While you should feel free to ask Coke to disclose this information to its end users, I say just don’t consume it.

Inescapable Monsanto

July 17, 2009

White House Garden by R EgeenerThere’s a frown inducing Food Policy Friday blog over at Eat. Drink. Better. (from two weeks ago, sorry, I’m behind on posting).

Once upon a time, Ben and I were optimistic that Mr. President would appoint advisers who aren’t actually Corporate Tools, especially in the long-villainous ag and food departments.  But alas, “hope” and “change” are not to be applied across the board.

Monsanto is a whole other blog (or series of blogs).  But, in case you are unfamiliar, I’ll explain that I have no greater disdain for any other American entity (and that is saying something).  In reading and learning about American health, food, and farming one inevitably comes across Monsanto many times.  And let me tell you, their story reads like an unreal, pre-apocalyptic sci-fi horror story.  You just wouldn’t even believe.

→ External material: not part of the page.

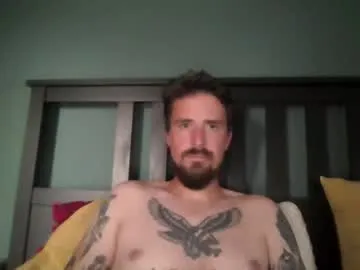knoeperhard — Freechat on Chaturbate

But alas, these are the people making policy.  So it goes.

What’s On My Food?

June 26, 2009

Last week, the Pesticide Action Network (PAN) launched their new searchable online database, What’s On My Food?.

The website uses data gathered from the EPA’s Pesticide Reregistration Status, the USDA’s Pesticide Data Program, and PAN’s own Pesticide Info Database and compiles the information into easy-to-understand graphs and charts, placing each chemical in one of four categories (Carcinogen, Hormone Disruptor, Neurotoxin, or Developmental/Reproductive Toxin).  You can search by food item or chemical.

So lets look at strawberries, for example.  Captan (a known carcinogen) is found 70.1% of the time and Myclobutanil (a developmental or reproductive toxicant and suspected hormone disruptor) is found 34.7% of the time in conventional strawberries.  These chemicals were not found (0.0% of the time) in domestic organic strawberries.

Some domestic organic produce does still contain pesticide residue.  Domestic organic apples, for instance, are found to contain an average of 0.004 micrograms of Thiabendazole (a probable carcinogen) 20% of the time, versus an average of 42.5 micrograms 89.7% of the time for conventional apples.

The USDA tries to prepare the food the same way you would so most foods are washed and/or peeled before testing.  Many pesticides are systemic, however, meaning they are actually absorbed by the plant.

I know I don’t buy all organic, all the time, but this is a good resource to use when deciding which conventional fruit is most toxic and should be avoided.  While I still think any fresh fruit or vegetable is better than none at all, it’s rather disturbing to be so vividly reminded that I’m not eating just a strawberry or an apple – I’m eating, and my body is absorbing but not eliminating, all the toxins too.